═════ DATA ═════

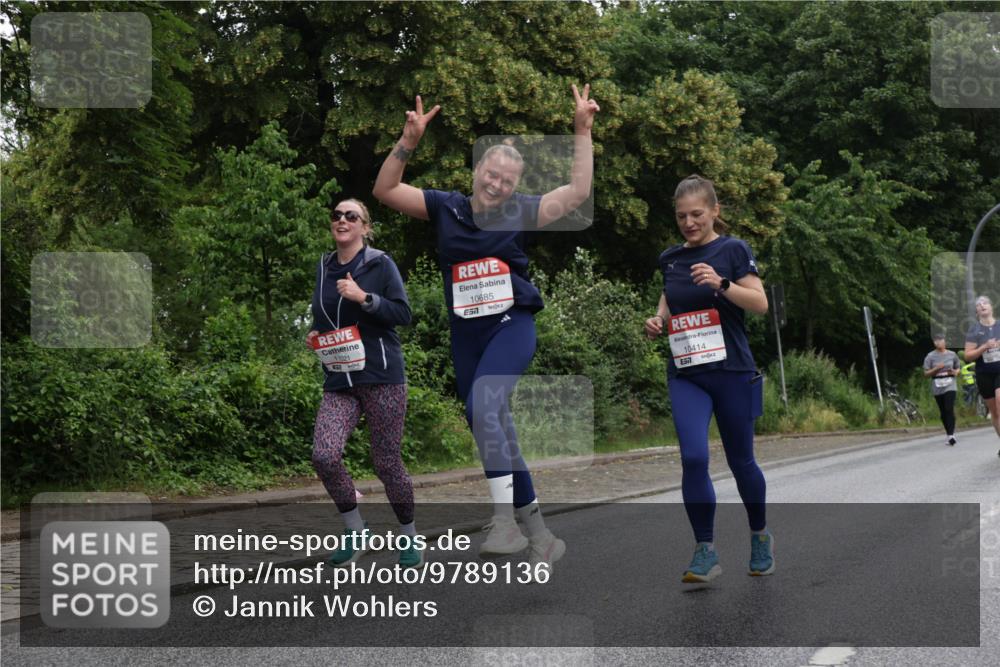 14.06.2026 - REWE Women's Run Jannik Wohlers http://msf.ph/oto/9789136 14.06.2026 10:02:05 Laufen 11021, 10685, 10414, 657 meine-sportfotos.de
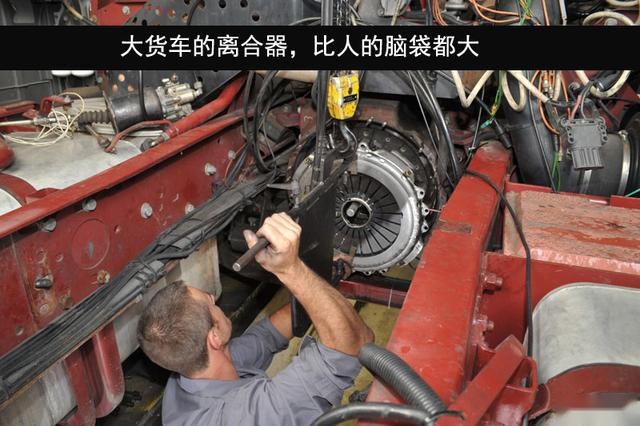 大货车启动后，司机为什么要轰一阵油门才起步呢？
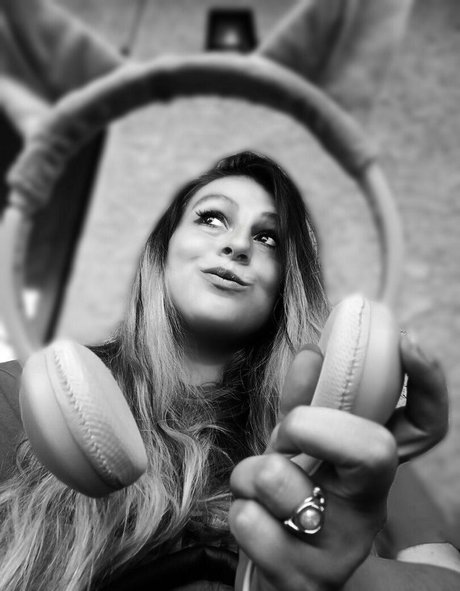 misslunamagic onlyfans nude porn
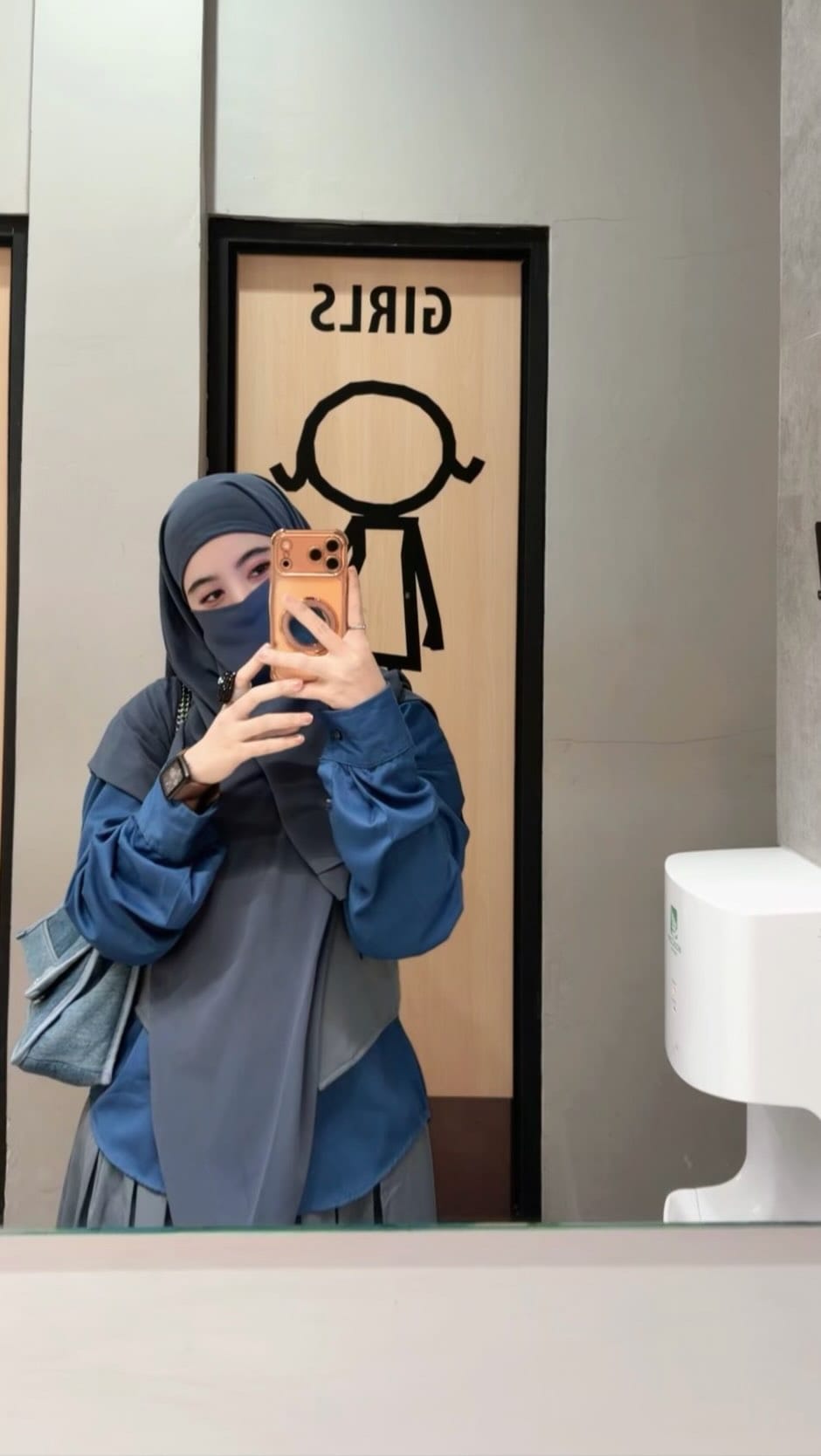 Post 2 by MIRACAHAYA REAL 🫆 on Instagram (video)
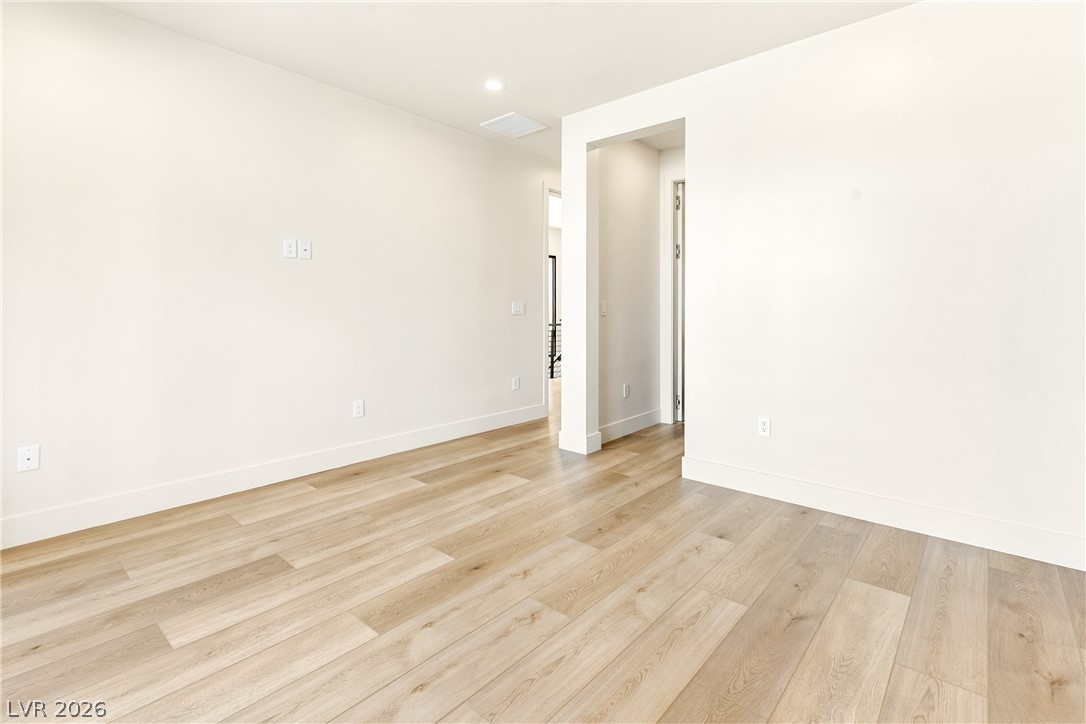 2847 Queens Courtyard Drive Property Photo 55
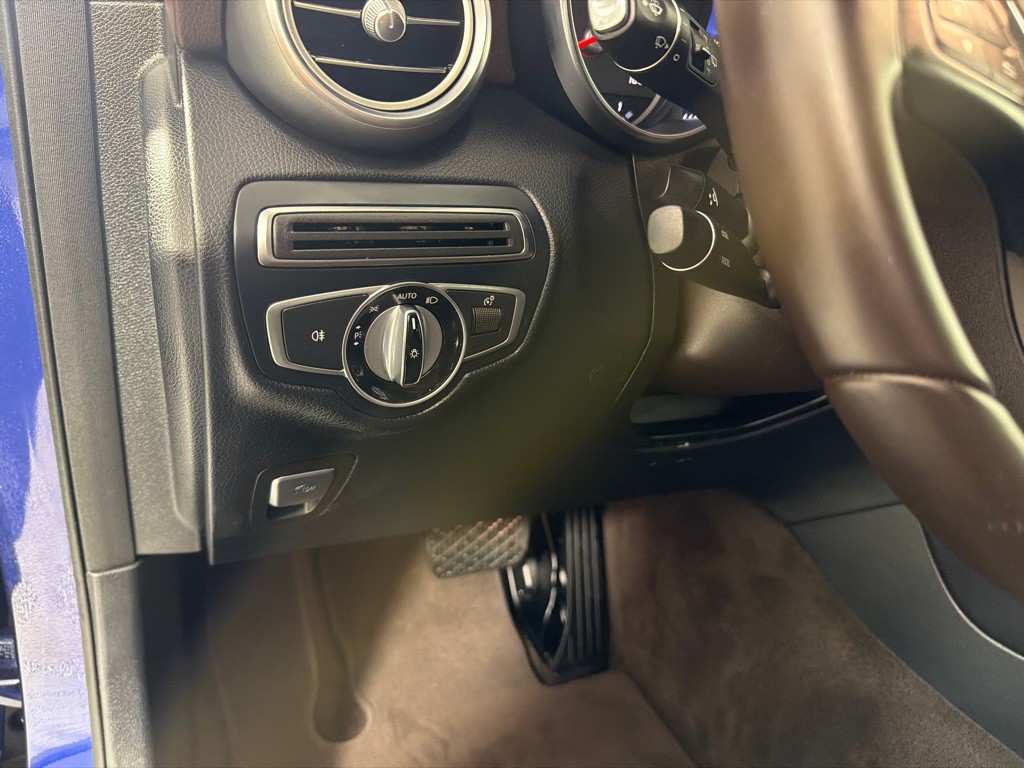 2017 Mercedes-Benz GLC-Class Image 14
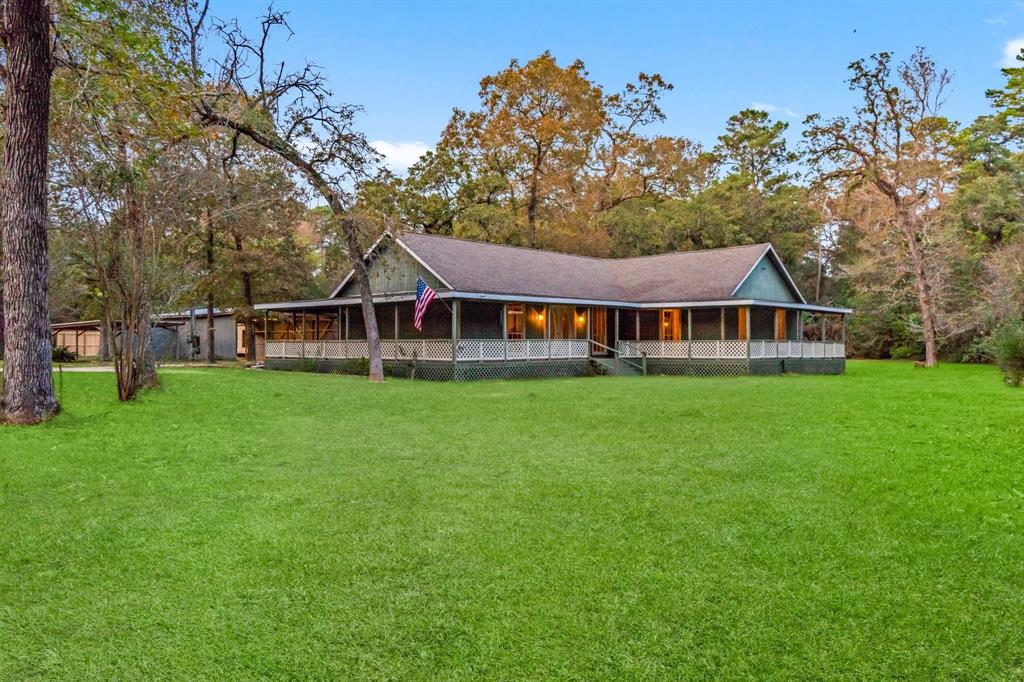 a view of house with a big yard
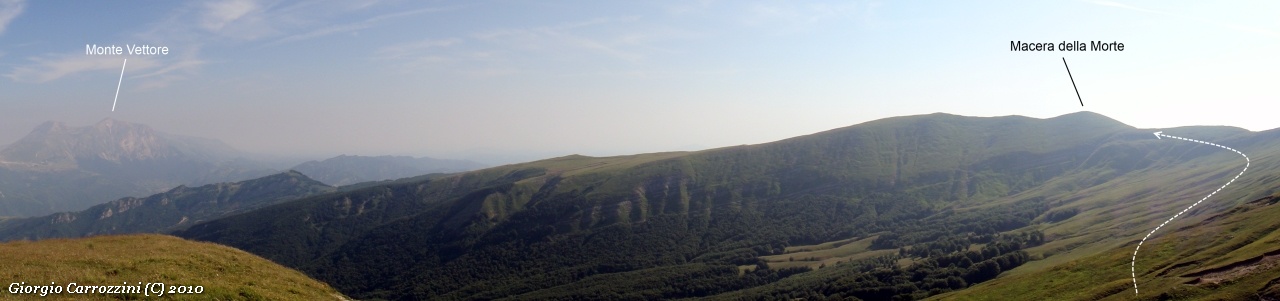 Escursione a Macera della Morte (2073 m) da Macchie Piane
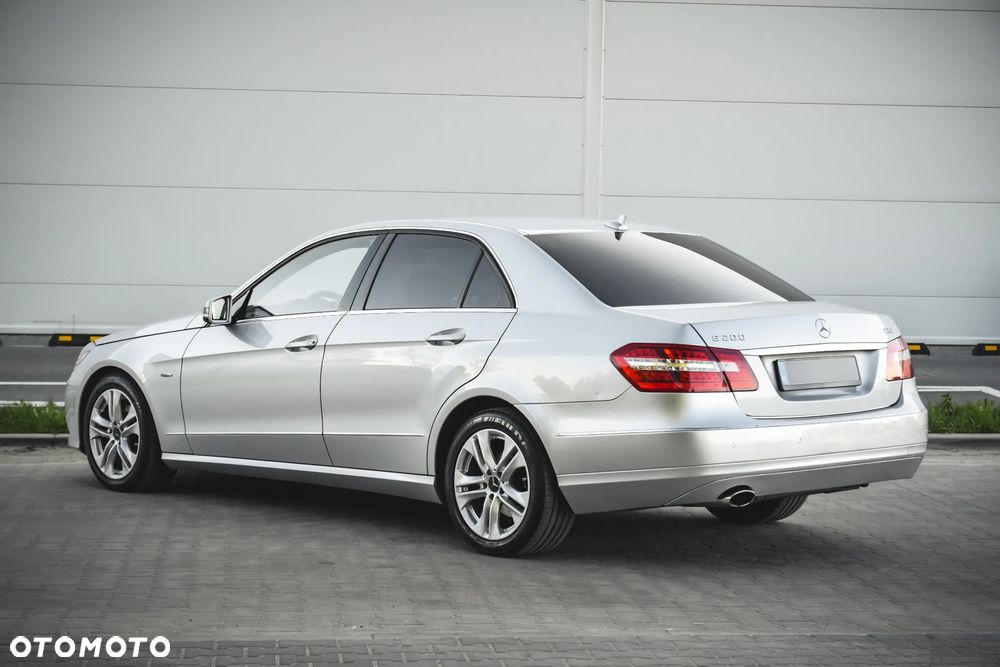 Mercedes-Benz Klasa E 200 CGI BlueEFFICIENCY 7G-TRONIC Avantgarde - 12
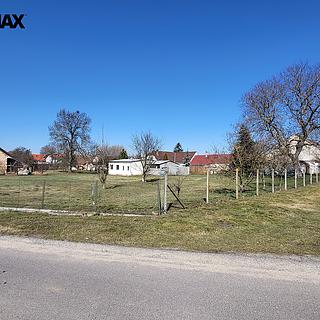 Prodej stavební parcely 2100 m&sup2; Moravské Budějovice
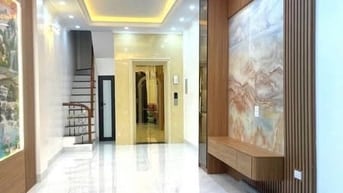 Cho thuê nhà ngõ 54 vũ trọng phụng 43m x6T thang máy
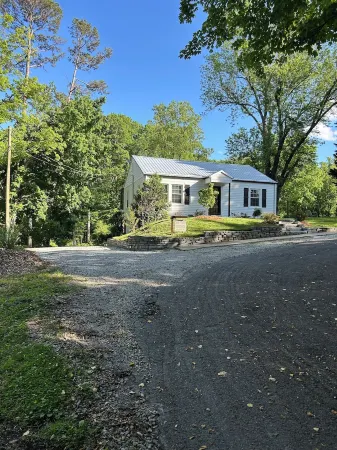 The Finch Cottage Charming 2-bedroom cottage  Historical District Mount Airy
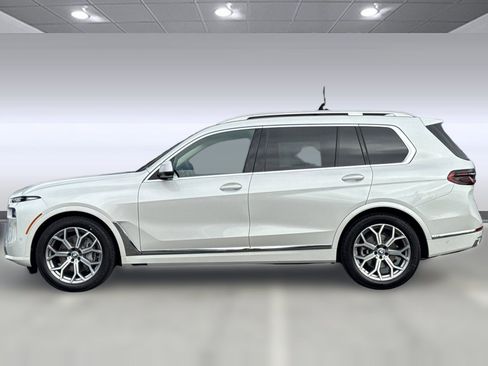 New 2026 BMW X7 xDrive40i image 2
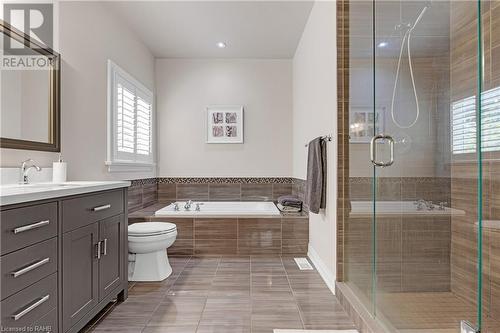 22 Creekside Drive, Niagara-On-The-Lake, ON - Indoor Photo Showing Bathroom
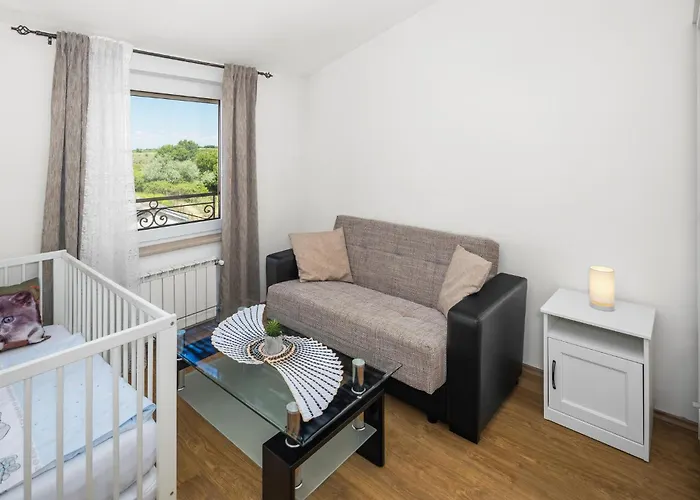 Holiday home Four-bedroom In Nova Vas (Brtonigla)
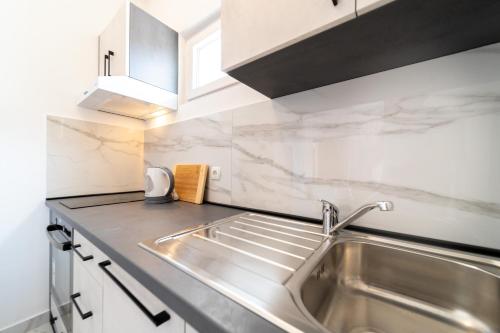 Kuchyň nebo kuchyňský kout v ubytování Apartmani Višnja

═════

** INSTRUCTIONS FOR THE TASK **
An exact repeat of all the data is required, pictures excluded.

** RESPONSE AREA **
 14.06.2026 - REWE Women's Run Jannik Wohlers http://msf.ph/oto/9789136 14.06.2026 10:02:05 Laufen 11021, 10685, 10414, 657 meine-sportfotos.de
 大货车启动后，司机为什么要轰一阵油门才起步呢？
 misslunamagic onlyfans nude porn
 Post 2 by MIRACAHAYA REAL 🫆 on Instagram (video)
 2847 Queens Courtyard Drive Property Photo 55
 2017 Mercedes-Benz GLC-Class Image 14
 a view of house with a big yard
 Escursione a Macera della Morte (2073 m) da Macchie Piane
 Mercedes-Benz Klasa E 200 CGI BlueEFFICIENCY 7G-TRONIC Avantgarde - 12
 Prodej stavební parcely 2100 m&sup2; Moravské Budějovice
 Cho thuê nhà ngõ 54 vũ trọng phụng 43m x6T thang máy
 The Finch Cottage Charming 2-bedroom cottage  Historical District Mount Airy
 New 2026 BMW X7 xDrive40i image 2
 22 Creekside Drive, Niagara-On-The-Lake, ON - Indoor Photo Showing Bathroom
 Holiday home Four-bedroom In Nova Vas (Brtonigla)
 Kuchyň nebo kuchyňský kout v ubytování Apartmani Višnja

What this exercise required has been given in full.